ACTION ITEM
Your output is to consist only of the line containing "Минивэн Renault Trafic 2009 в Луцке" and the lines after it, through the end of the data, reproduced exactly.

EXERCISE MATERIALS
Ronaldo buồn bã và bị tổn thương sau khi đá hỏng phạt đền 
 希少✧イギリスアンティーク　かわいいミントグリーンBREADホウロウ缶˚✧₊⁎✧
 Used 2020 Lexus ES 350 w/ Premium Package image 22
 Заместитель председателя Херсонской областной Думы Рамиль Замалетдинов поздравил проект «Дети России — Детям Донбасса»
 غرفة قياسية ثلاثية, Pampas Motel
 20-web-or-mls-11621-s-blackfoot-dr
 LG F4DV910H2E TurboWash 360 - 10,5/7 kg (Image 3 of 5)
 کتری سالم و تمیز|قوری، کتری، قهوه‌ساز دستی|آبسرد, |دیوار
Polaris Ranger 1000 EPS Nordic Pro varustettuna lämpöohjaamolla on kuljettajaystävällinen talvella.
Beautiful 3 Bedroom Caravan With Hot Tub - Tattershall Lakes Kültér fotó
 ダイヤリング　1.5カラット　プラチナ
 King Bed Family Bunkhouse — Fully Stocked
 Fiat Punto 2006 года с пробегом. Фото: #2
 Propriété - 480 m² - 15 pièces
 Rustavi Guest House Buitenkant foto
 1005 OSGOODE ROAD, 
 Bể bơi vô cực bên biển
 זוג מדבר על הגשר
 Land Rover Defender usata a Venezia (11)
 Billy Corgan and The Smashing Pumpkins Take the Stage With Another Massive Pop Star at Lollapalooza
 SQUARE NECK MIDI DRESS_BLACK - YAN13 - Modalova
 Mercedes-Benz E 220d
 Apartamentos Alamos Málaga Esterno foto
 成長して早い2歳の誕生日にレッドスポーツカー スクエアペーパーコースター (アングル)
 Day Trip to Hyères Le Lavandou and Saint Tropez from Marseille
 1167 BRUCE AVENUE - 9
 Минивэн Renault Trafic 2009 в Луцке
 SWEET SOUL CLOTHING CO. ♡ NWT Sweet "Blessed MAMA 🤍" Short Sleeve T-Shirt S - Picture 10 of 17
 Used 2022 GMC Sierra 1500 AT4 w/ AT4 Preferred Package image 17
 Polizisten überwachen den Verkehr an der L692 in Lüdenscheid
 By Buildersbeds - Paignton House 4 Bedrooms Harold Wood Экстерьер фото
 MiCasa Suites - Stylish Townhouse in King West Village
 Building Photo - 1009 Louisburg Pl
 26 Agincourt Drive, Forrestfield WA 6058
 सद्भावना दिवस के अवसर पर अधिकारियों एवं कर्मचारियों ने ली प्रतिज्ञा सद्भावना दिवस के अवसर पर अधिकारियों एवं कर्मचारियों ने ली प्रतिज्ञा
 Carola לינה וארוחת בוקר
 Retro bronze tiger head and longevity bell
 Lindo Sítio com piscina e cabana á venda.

ANSWER TO THE EXERCISE
 Минивэн Renault Trafic 2009 в Луцке
 SWEET SOUL CLOTHING CO. ♡ NWT Sweet "Blessed MAMA 🤍" Short Sleeve T-Shirt S - Picture 10 of 17
 Used 2022 GMC Sierra 1500 AT4 w/ AT4 Preferred Package image 17
 Polizisten überwachen den Verkehr an der L692 in Lüdenscheid
 By Buildersbeds - Paignton House 4 Bedrooms Harold Wood Экстерьер фото
 MiCasa Suites - Stylish Townhouse in King West Village
 Building Photo - 1009 Louisburg Pl
 26 Agincourt Drive, Forrestfield WA 6058
 सद्भावना दिवस के अवसर पर अधिकारियों एवं कर्मचारियों ने ली प्रतिज्ञा सद्भावना दिवस के अवसर पर अधिकारियों एवं कर्मचारियों ने ली प्रतिज्ञा
 Carola לינה וארוחת בוקר
 Retro bronze tiger head and longevity bell
 Lindo Sítio com piscina e cabana á venda.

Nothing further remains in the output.